The other approach, a single-payer system such as Medicare, works. It's far simpler, more comprehensive and more cost effective -- a patient-based, not commercially driven direction...

http://www.sun-sentinel.com/news/opinion/sfl-05forum09feb05,0,5236078.story?coll=sfla-news-opinion

Specializes in Pulmonology/Critical Care, Internal Med.

ingelein- sorry for being rude, reading your comments seemed pretty rude towards myself I may have taken them the wrong way. Enjoy that beer.

Viking- actually most of the insurance companies take their cues from Medicare, so actually no, it woudln't help. Medicare usually pays more for items. However, Medicare also has a far greater amount of restrictions on what can be billed Part A vs Part B. Part B your pretty much screwed you bascially HAVE to go into a Hospital to get a lot of things ordinary insurances would give you.
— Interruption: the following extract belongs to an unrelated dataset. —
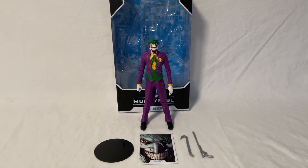Hey guys, welcome back to my channel where I review different action figures. Today I'll be reviewing McFarlane Toys DC Multiverse, the DC Rebirth Joker.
By going to the hospital you are actually raising total cost instead of lowering it, examples would be compression socks for patients with DVTS, or Venous Stasis Ulcers. They can only be gotten under Part A.

Spacenurse-I don't know I kind of think the Mass. form would be better. I would rather have private insurance over a govt plan any day. I would rather get it thought my work. One thing I ran into in Georgia is the innability of seperate companies to pool together employees to make one giant pool to help keep costs down. I wish all the uninsured could be lumped together and go toward getting insurance that would be more manageable and paid for by both employer and by employee.

Doctors work is priceless.

Nurses work is priceless.

Health insurance CEOs do no productive work.

Don't confuse priceless with price-less.

Last I checked none of the doctors or nurses in my hospital were working for free.

Like it or not the insurance companies do provide a product. My hospital doesn't make payroll with the funds provided by the uninsuranced.